Carmen Korn: "Mich reizen Figuren mit vielen Brüchen"
Drei Orte haben das Leben Carmen Korns geprägt: Hamburg, Köln und Sanremo. Um diese Orte geht es auch im zweiten Band ihrer Drei-Städte-Saga "Zwischen heute und morgen".
Die historischen Familiengeschichten der Bestsellerautorin Carmen Korn werden vor allem von Leserinnen immer wieder sehnsüchtig erwartet. Die 1952 geborene Autorin und Journalistin schreibt ihre Romane nach aufwendigen Recherchen mit viel Liebe zum Detail. Der zweite Teil ihrer Trilogie hat dieselben 16 Protagonist*innen, wie der erste. "Zwischen heute und morgen" ist nun in den 1960er-Jahren angesiedelt.
Ihre Bücher sind so etwas wie Zeitzeugen des Alltags. In welche Jahre nehmen Sie uns mit in Ihrem neuen Buch und worum geht es?

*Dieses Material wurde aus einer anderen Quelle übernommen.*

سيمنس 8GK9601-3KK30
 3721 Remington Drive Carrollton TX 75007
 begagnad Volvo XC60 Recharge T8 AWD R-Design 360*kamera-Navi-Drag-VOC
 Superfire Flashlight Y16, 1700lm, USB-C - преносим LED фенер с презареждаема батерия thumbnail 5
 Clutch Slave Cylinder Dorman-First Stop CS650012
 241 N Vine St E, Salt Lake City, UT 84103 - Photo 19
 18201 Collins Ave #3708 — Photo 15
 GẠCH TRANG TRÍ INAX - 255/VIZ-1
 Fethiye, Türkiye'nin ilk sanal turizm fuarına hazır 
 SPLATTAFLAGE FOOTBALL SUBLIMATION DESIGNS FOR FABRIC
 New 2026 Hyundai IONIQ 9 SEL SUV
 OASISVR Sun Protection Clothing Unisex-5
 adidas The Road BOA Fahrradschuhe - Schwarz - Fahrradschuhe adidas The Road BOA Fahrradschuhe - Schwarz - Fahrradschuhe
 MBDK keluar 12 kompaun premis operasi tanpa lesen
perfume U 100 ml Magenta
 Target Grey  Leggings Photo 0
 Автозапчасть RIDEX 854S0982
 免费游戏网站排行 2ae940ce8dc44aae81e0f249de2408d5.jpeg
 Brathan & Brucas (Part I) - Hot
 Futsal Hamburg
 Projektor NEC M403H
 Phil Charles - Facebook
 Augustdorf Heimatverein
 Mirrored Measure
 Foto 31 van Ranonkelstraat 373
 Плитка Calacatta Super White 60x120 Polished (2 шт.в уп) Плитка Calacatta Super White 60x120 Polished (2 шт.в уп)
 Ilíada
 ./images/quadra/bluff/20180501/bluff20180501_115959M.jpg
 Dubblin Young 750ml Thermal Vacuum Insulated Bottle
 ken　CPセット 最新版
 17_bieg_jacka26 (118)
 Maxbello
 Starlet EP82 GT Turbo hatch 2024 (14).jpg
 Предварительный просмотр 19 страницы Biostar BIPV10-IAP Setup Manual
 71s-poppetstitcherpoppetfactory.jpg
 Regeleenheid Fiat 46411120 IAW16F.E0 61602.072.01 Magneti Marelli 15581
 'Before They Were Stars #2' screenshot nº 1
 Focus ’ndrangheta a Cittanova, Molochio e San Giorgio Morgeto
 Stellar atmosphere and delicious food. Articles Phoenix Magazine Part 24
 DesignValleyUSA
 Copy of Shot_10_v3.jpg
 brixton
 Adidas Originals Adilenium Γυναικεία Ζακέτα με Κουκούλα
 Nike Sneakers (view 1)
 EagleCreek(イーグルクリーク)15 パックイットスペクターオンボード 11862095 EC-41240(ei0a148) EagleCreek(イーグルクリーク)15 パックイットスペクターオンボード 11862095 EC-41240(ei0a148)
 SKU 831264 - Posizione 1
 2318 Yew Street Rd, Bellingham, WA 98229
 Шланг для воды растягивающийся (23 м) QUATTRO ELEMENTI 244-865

Carmen Korn: Im zweiten Band geht es um die 60er-Jahre. Das fängt im Januar 1960 an und hört im Herbst 1969 auf.
Es sind wieder die Protagonisten aus dem ersten Band - das sind insgesamt 16. Vorne im Buch kann man nachlesen, wie die Familienverhältnisse sind, aber da habe ich manchmal den Überblick verloren, weil ich den ersten Teil nicht gelesen habe. Wie geht Ihnen das?
Korn: Ja, das sind ja drei Familien, und ich kenne die alle sehr, sehr gut. Die sind sehr nah, die sind fast Familienangehörige, die habe ich im Blick. Ich habe eine digitale Kladde, schon lange, bevor ich den ersten Satz schreibe.
Dann entwerfe ich die Charaktere, die Familien und habe für jeden eine kleine Legende, eine kleine Biografie, eine Liste mit den Geburtsdaten. Ich habe da also einige Hilfestellungen.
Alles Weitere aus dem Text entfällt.